Erich_Grunewald comments on Ilya Sutskever and Jan Leike resign from OpenAI [updated]

Erich_Grunewald 18 May 2024 20:46 UTC
6 points
2
Everything that happened since then has made it clear that this is not the case; that all these big flashy commitments like Superalignment were just safety-washing and virtue signaling. They were only going to do alignment work inasmuch as that didn’t interfere with racing full-speed towards greater capabilities.
It’s not clear to me that it was just safety-washing and virtue signaling. I think a better model is something like: there are competing factions within OAI that have different views, that have different interests, and that, as a result, prioritize scaling/productization/safety/etc. to varying degrees.
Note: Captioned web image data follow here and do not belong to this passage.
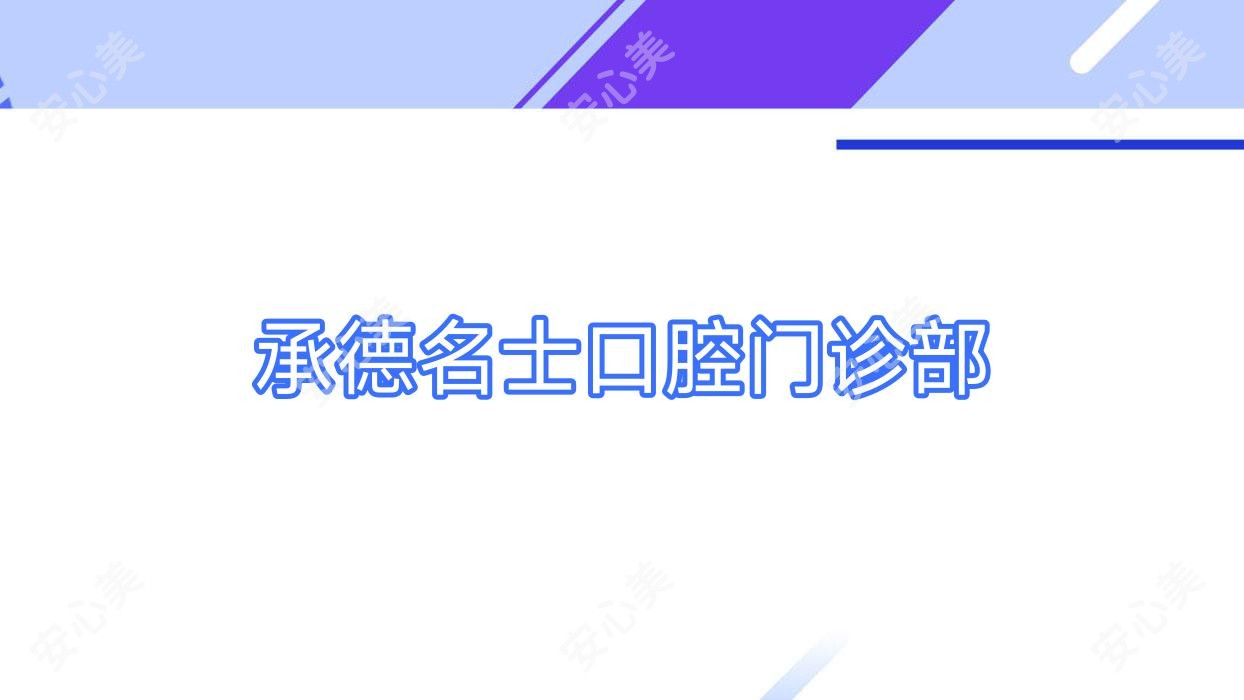承德名士口腔门诊部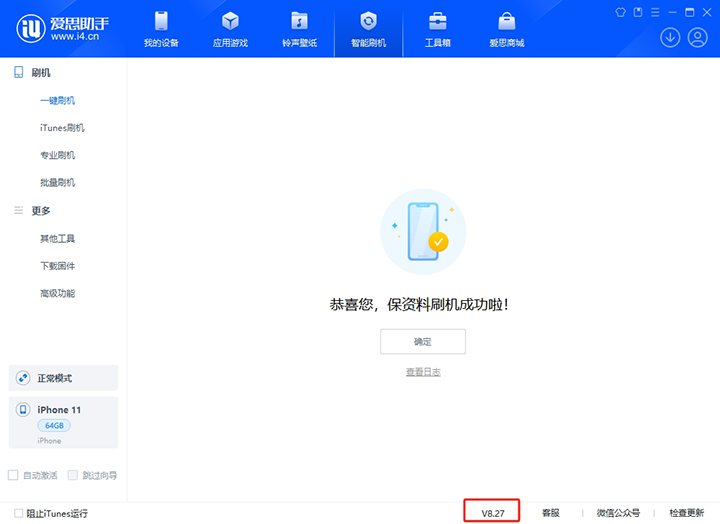 名山苹果手机维修分享iOS 17.6正式版评测_iOS 17.6正式版一键刷机教程 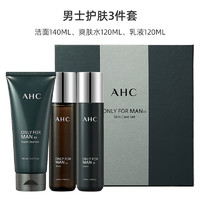 AHC 愛和純 男士水乳護膚品套裝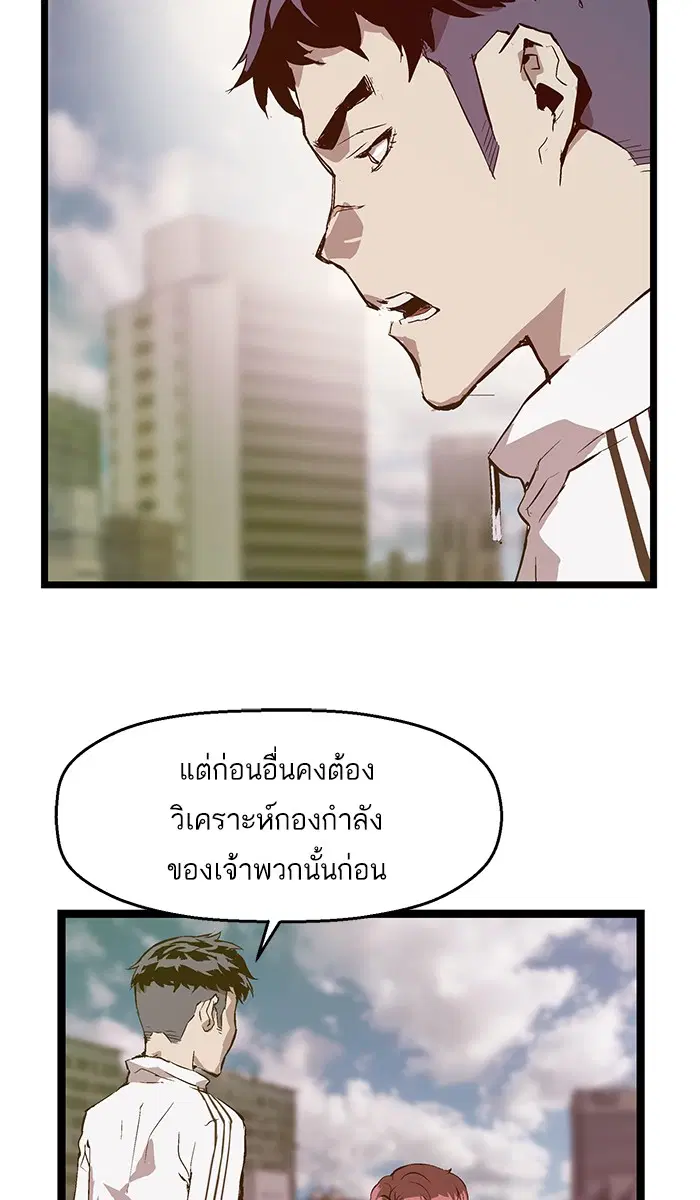 Weak Hero ตอนที่ 42 หน้า 42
Superalignment likely happened because (a) the safety faction (Ilya/Jan/etc.) wanted it, and (b) the Sam faction also wanted it, or tolerated it, or agreed to it due to perceived PR benefits (safety-washing), or let it happen as a result of internal negotiation/compromise, or something else, or some combination of these things.
If OAI as a whole was really only doing anything safety-adjacent for pure PR or virtue signaling reasons, I think its activities would have looked pretty different. For one, it probably would have focused much more on appeasing policymakers than on appeasing the median LessWrong user. (The typical policymaker doesn’t care about the superalignment effort, and likely hasn’t even heard of it.) It would also not be publishing niche (and good!) policy/governance research. Instead, it would probably spend that money on actual PR (e.g., marketing campaigns) and lobbying.
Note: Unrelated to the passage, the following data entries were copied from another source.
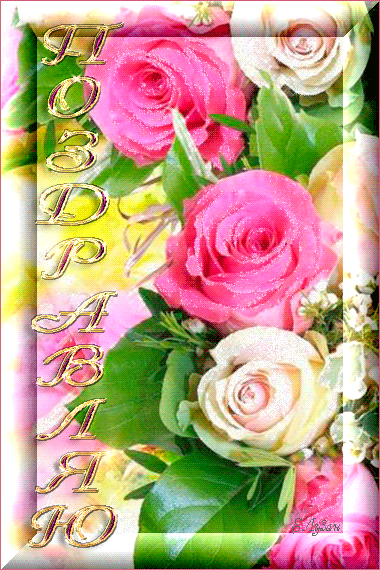 Розы с поздравлением~Анимационные блестящие открытки GIF
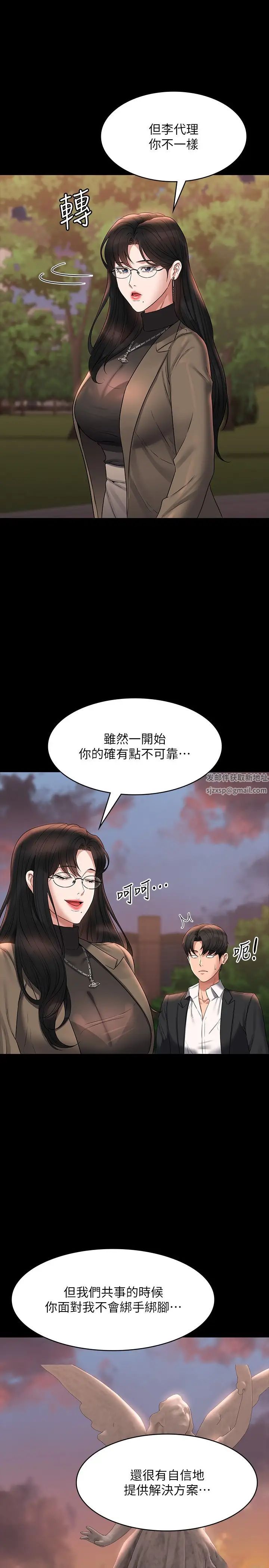 第102話 - 要和我一起走下去嗎?33.jpg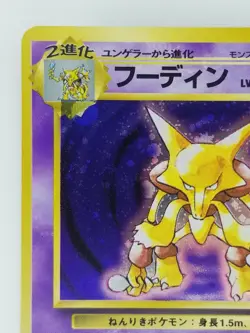 Alakazam Japanese Pokemon card Nintendo Holo Rare NO.065 LV.42 HP80 F/S TCG - Image 2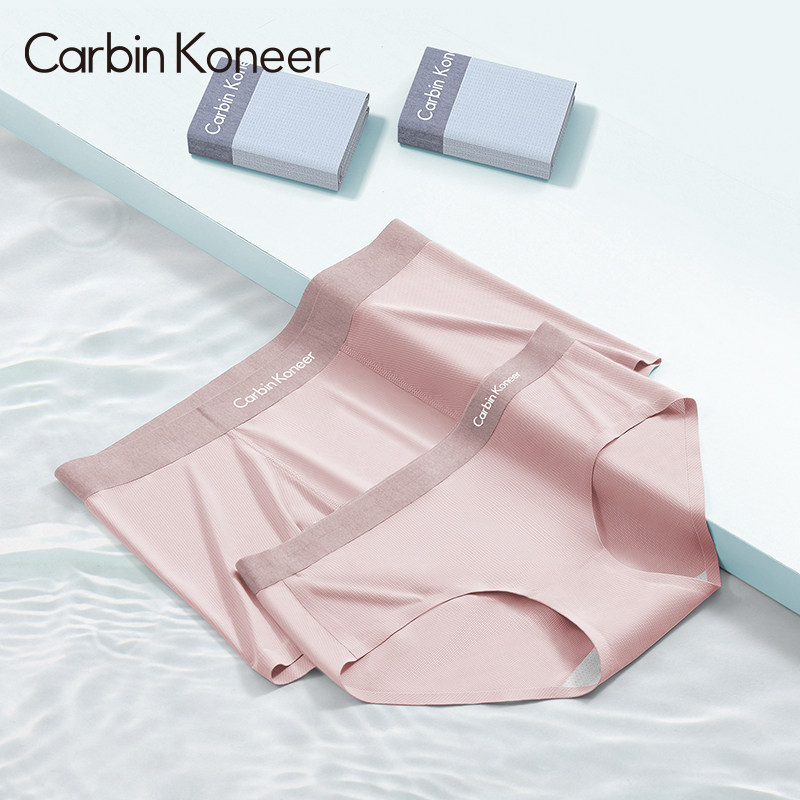 carbinkoneer情侣内裤一男一女冰丝男士短裤头中腰运动抗菌裆礼盒
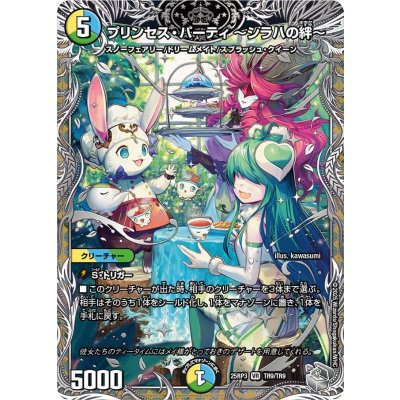 プリンセス・パーティ〜シラハの絆〜【VR】{25RP3TR9/TR9}《多》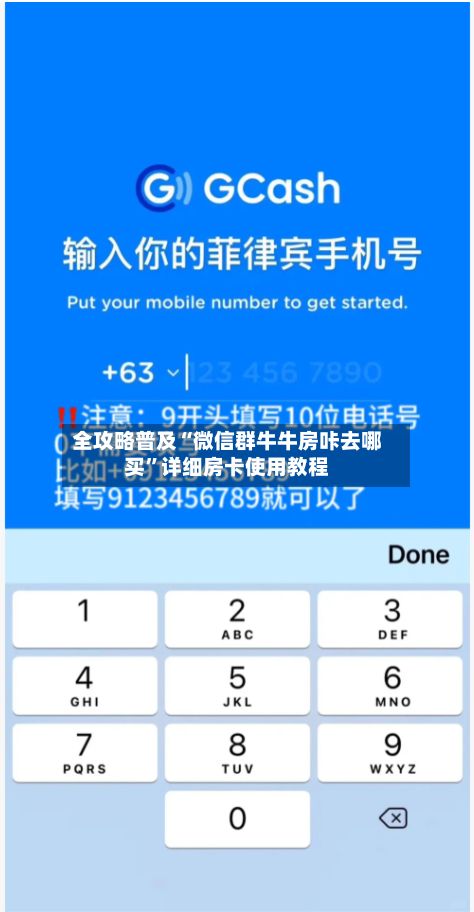 全攻略普及“微信群牛牛房咔去哪买”详细房卡使用教程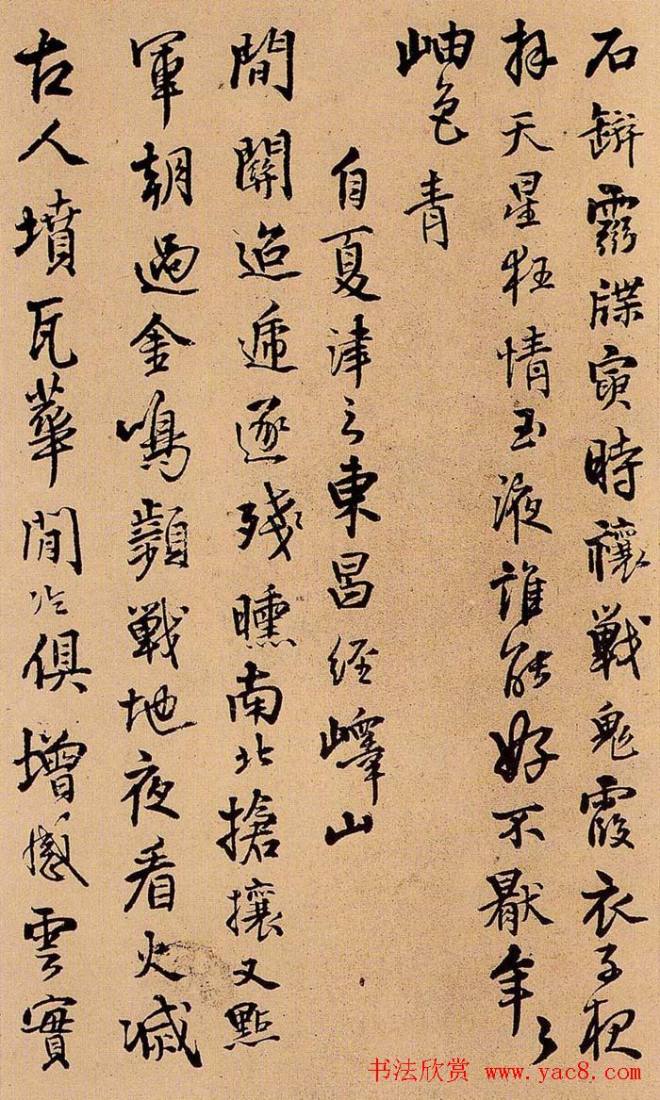 王铎书法册页《诗画合璧》明清书家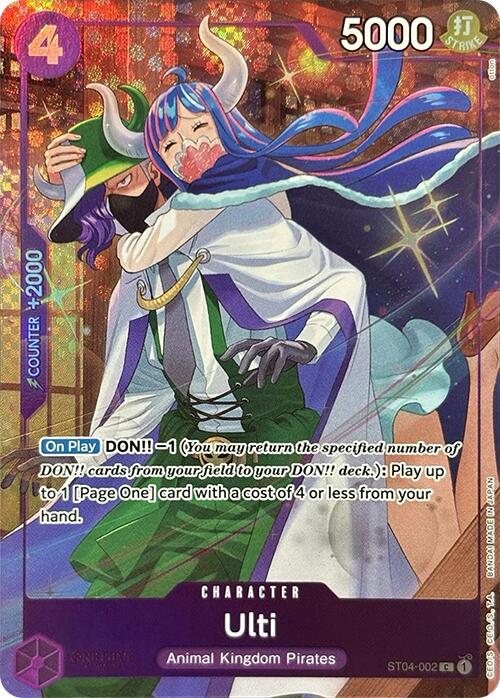 Ulti (Premium Card Collection -Best Selection Vol. 3-) [One Piece Promotion Cards] | Galactic Gamez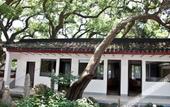 Туры в отель GUAN TANG HOTEL Туры в отель GUAN TANG HOTEL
I do think OAI has been tending more in that direction (that is, in the direction of safety-washing, and/or in the direction of just doing less safety stuff period). But it doesn’t seem to me like it was predestined. I.e., I don’t think it was “only going to do alignment work inasmuch as that didn’t interfere with racing full-speed towards greater capabilities”. Rather, it looks to me like things have tended that way as a result of external incentives (e.g., looming profit, Microsoft) and internal politics (in particular, the safety faction losing power). Things could have gone quite differently, especially if the board battle had turned out differently. Things could still change, the trend could still reverse, even though that seems improbable right now.
- Thane Ruthenis 18 May 2024 22:10 UTC
  9 points
  3
  Parent
  Superalignment likely happened because (a) the safety faction (Ilya/Jan/etc.) wanted it, and (b) the Sam faction also wanted it, or tolerated it, or agreed to it due to perceived PR benefits (safety-washing), or let it happen as a result of internal negotiation/compromise, or something else, or some combination of these things.
  Sure, that’s basically my model as well. But if the faction (b) only cares about alignment due to perceived PR benefits or in order to appease faction (a), and faction (b) turns out to have overriding power such that it can destroy or drive out faction (a) and then curtail all the alignment efforts, I think it’s fair to compress all that into “OpenAI’s alignment efforts are safety-washing”. If (b) has the real power within OpenAI, then OpenAI’s behavior and values can be approximately rounded off to (b)’s behavior and values, and (a) is a rounding error.
  If OAI as a whole was really only doing anything safety-adjacent for pure PR or virtue signaling reasons, I think its activities would have looked pretty different
  Not if (b) is concerned about fortifying OpenAI against future challenges, such as hypothetical futures in which the AGI Doomsayers get their way and the government/the general public wakes up and tries to nationalize or ban AGI research. In that case, having a prepared, well-documented narrative of going above and beyond to ensure that their products are safe, well before any other parties woke up to the threat, will ensure that OpenAI is much more well-positioned to retain control over its research.
  (I interpret Sam Altman’s behavior at Congress as evidence for this kind of longer-term thinking. He didn’t try to downplay the dangers of AI, which would be easy and what someone myopically optimizing for short-term PR would do. He proactively brought up the concerns that future AI progress might awaken, getting ahead of it, and thereby established OpenAI as taking them seriously and put himself into the position to control/manage these concerns.)
  And it’s approximately what I would do, at least, if I were in charge of OpenAI and had a different model of AGI Ruin.
  And this is the potential plot whose partial failure I’m currently celebrating.